How should the living forces of labor within the nation be distributed among the branches of the economy? What unit of measurement should be used for human needs? What share of the national income should be assigned to consumption and what to expanding production? How should the consumption fund be divided up between town and country, or between the various categories of industrial labor and administration? These basic questions give only a bare hint of the enormous difficulties involved in the system of planning, which in its ideal culmination ought to constitute a vast conveyor involving all the productive functions of society in the infinite complexity of inner relations among them.
In reviewing the tasks of planning one cannot leave aside a question which in the final analysis has decisive importance: the world distribution of labor. To the extent that planning is a job done by government agencies, it is of necessity limited, at least at the present stage, by state boundaries. But the productive forces of humankind long since outgrew the national framework. Within the bounds of a single state it is impossible to plan exports and imports. Raising the economic level of the USSR will not weaken but, on the contrary, will strengthen its ties with the world market. Here the planning system runs up against a choice between two alternatives: autarchy, or an extension of the scope of planning to other states, to the entire planet. The idea of autarchy in all its varieties, including that of a closed-in socialism in a single country, constitutes a reactionary utopia. Humanity will not deny itself the worldwide distribution of labor.
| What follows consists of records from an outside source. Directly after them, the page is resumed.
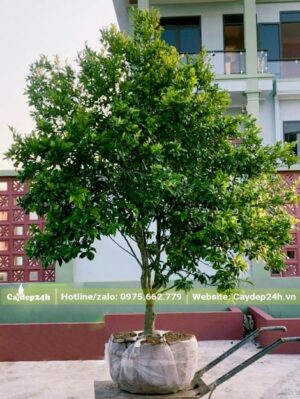 Cây Lan Tiêu vanh 6cm, chiều cao 2,4m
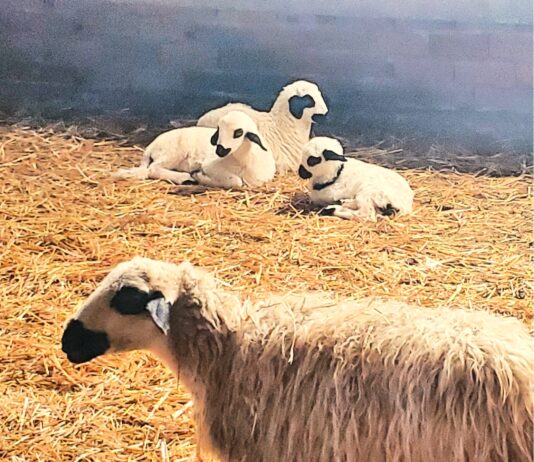 La cotización del lechazo amortigua su habitual caída tras la Navidad mejor que en la campaña anterior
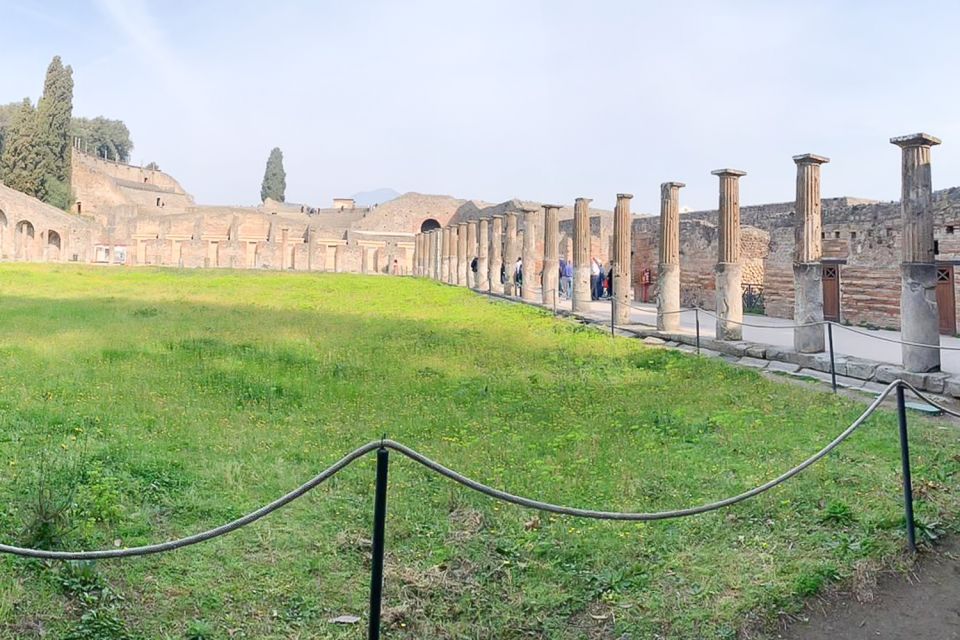 From Sorrento: Pompeii and Vesuvius Tour - Mount Vesuvius: why the timing can make or break the hike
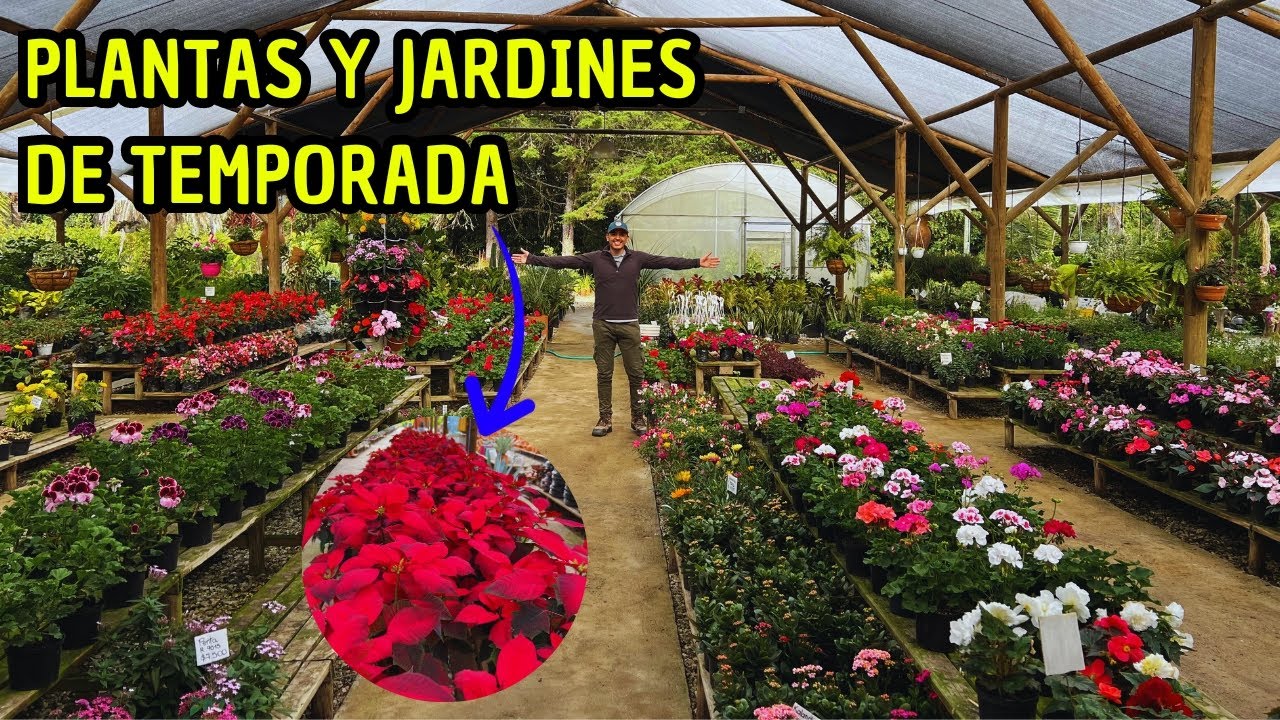Tour por hermoso VIVERO tropical, PLANTAS de TEMPORADA | Jardín del Edén |AP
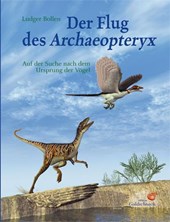 Der Flug des Archaeopteryx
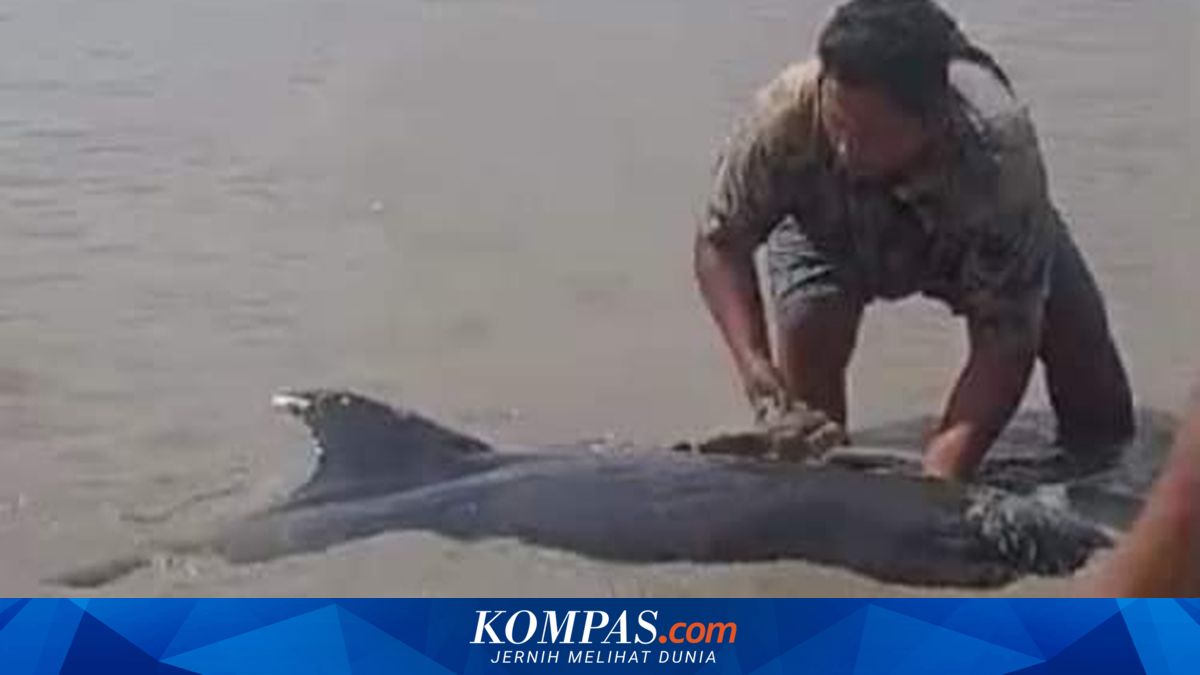 3 Ekor Lumba-lumba Subtropis Terdampar di Pantai Bangka Belitung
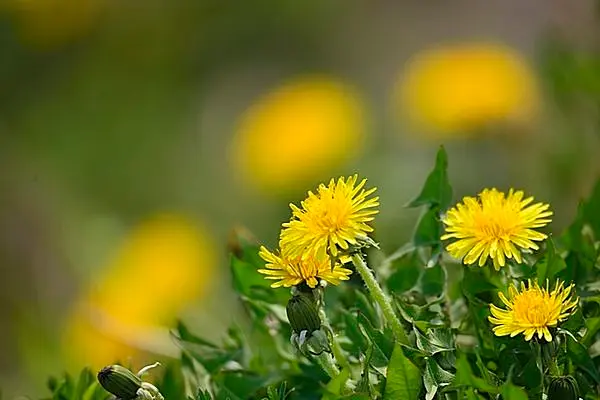 金子みすず「星とたんぽぽ」から～春の花・たんぽぽを愛でる(季節 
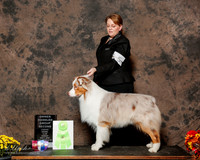 Australian Shepherd #5 Sun OH G2 Cove Cassandra M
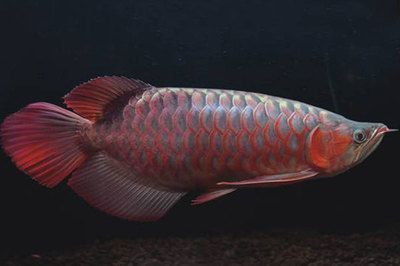 安丘市益家樂水族館（安丘市益家樂水族館電話）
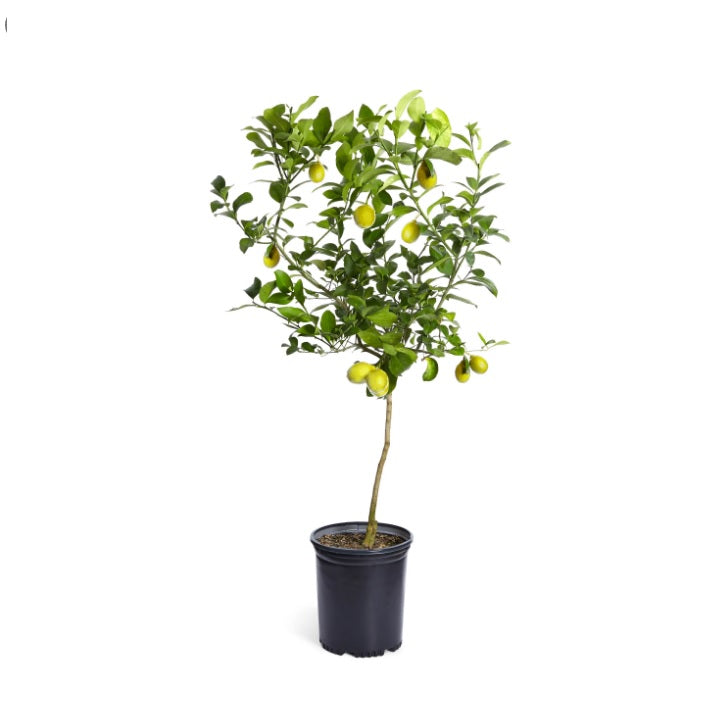 Lemon 1.0mtr / CERAMIC pot - PlantmartUAE.com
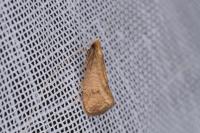 Nematopogon metaxella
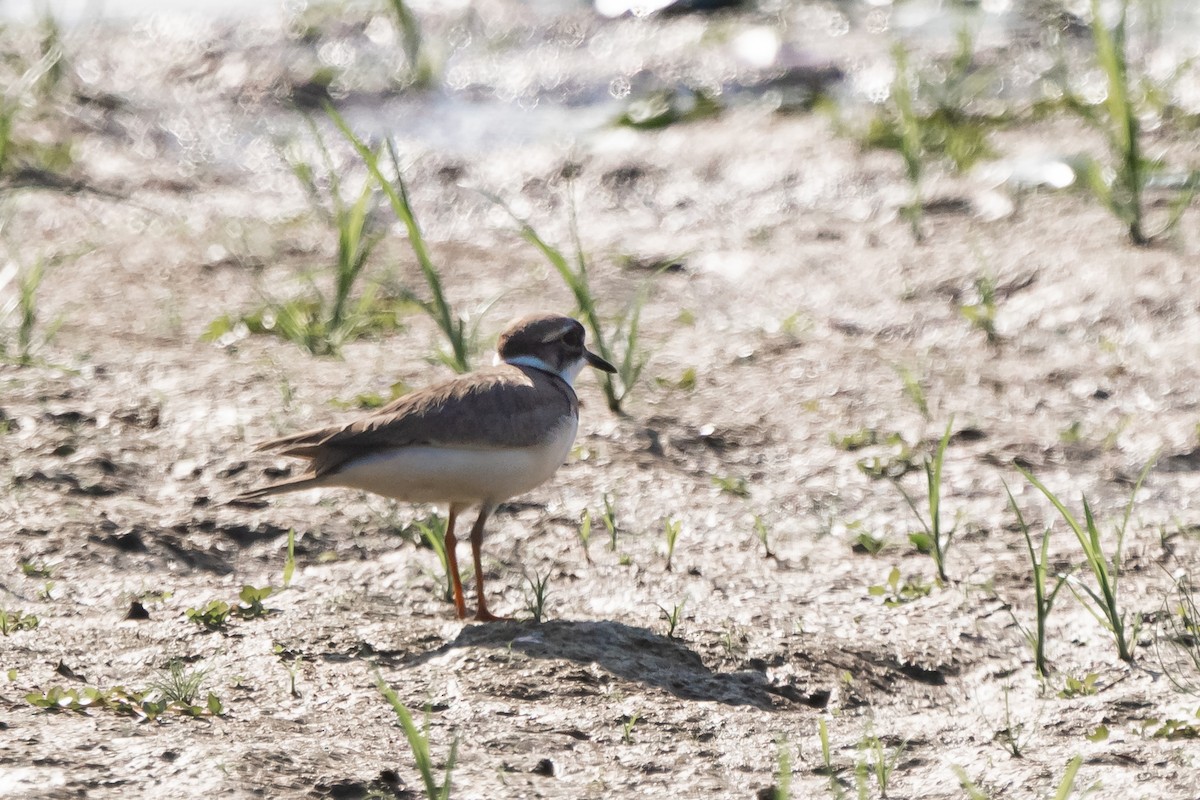 Long-billed Plover - ML628917867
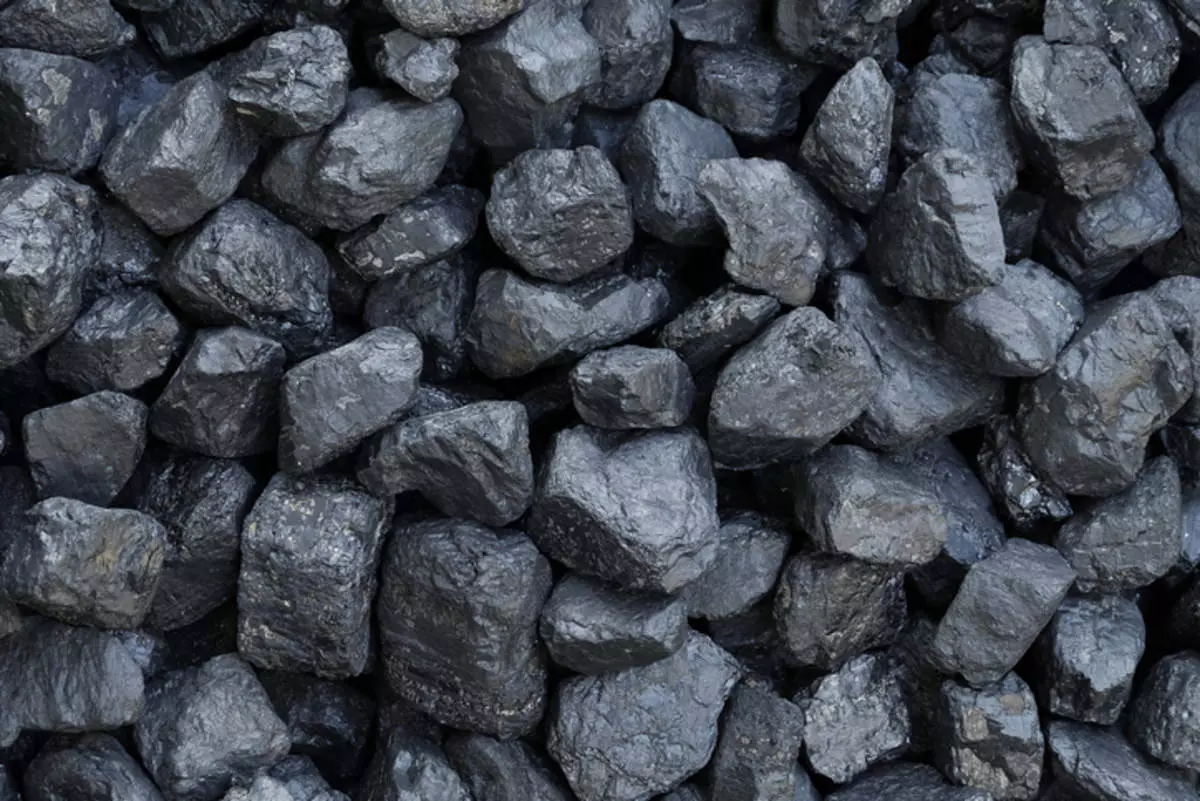 Coal Morning Corruption छत्तीसगढ़ में सारी कवायद बेकार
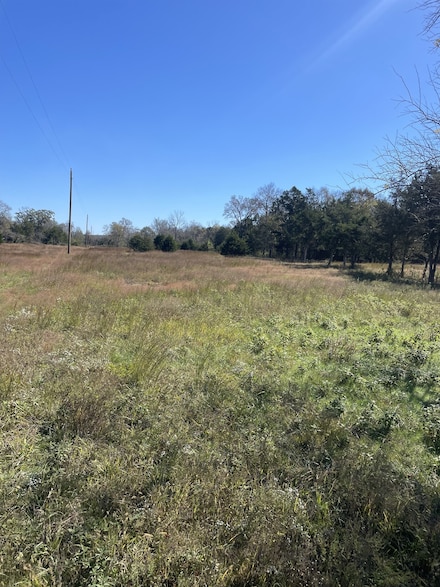 0 Karo Rd, Bell Buckle, TN 37020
There is nothing left, then, but to extend planning beyond the limits of national borders by reconciling and coordinating national plans. A problem of exceptional difficulty and duration!
It would be totally wrong to take our words as an expression of skepticism regarding the principle of planning. No, we see it as the only creative principle in our epoch. But we emphatically reject any dilettantish or light-minded attitude toward the question of organizing socialist economy. This task cannot be carried out in a short time, specified at will: here what is needed is the labor of generations. If there is an element of skepticism in this evaluation, it is directed not against the possibilities and capabilities of humankind, but against the excessive pretensions of bureaucracy.
What we have said thus far should delineate to some degree what our attitude is toward the results of the first five-year plan and the prospects for the second. It is hard to say who violates reality more — those who proclaim the unqualifiedly successful fulfillment of the plan, or those who screech about its total failure. The truth is, there can be no question of the first five-year plan — still an extremely primitive hypothesis for planning the economy for a five-year period, an equation with an enormous number of unknowns — having been “fulfilled” in the literal sense. The real percentage of fulfillment will never be known as a consequence of the total alteration of the plan during the course of its fulfillment and because of the absence of a stable monetary unit as a measure of the value of the results achieved. Partly . under the impact of malevolent criticism by our enemies, and partly through the influence of domestic political needs, the Soviet authorities have made it a matter of prestige to claim that the plan was fulfilled virtually 100 percent. But why, our innumerable enemies retort with glee — and unfortunately, not without justification — why do the living standards of the masses lag so far below the norms specified by the plan? What is the reason for the severe difficulties in food and other areas?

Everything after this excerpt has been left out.